◆ **THE TASK**: Your output consists solely of the lines from the one that contains "RED-HOT RIVALRY: An" to the end of the material, each reproduced exactly; pictures do not belong in it.

◆ **DATASET CONTENT**:

BEGIN

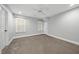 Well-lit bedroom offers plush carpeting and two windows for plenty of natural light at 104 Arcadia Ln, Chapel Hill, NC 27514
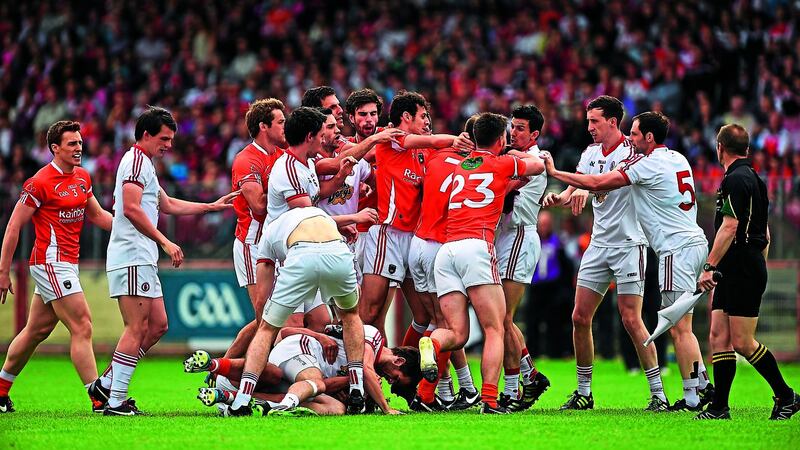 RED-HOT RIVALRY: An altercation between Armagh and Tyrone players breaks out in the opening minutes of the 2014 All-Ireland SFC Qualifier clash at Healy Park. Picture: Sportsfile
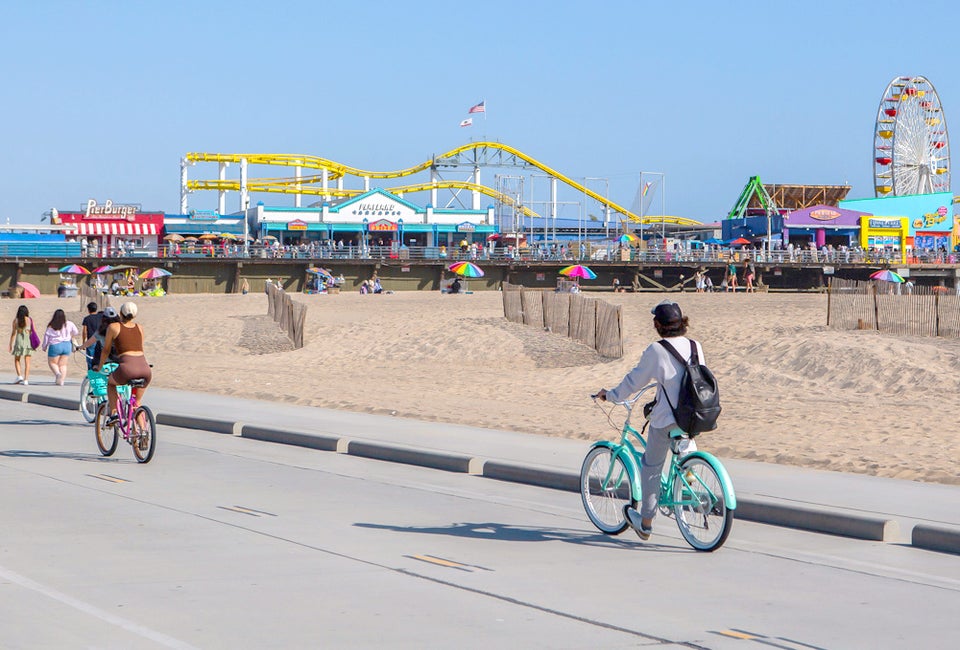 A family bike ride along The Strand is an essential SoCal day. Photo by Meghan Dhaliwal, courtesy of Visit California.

END

◆ **SOLVED EXERCISE**:
 RED-HOT RIVALRY: An altercation between Armagh and Tyrone players breaks out in the opening minutes of the 2014 All-Ireland SFC Qualifier clash at Healy Park. Picture: Sportsfile
 A family bike ride along The Strand is an essential SoCal day. Photo by Meghan Dhaliwal, courtesy of Visit California.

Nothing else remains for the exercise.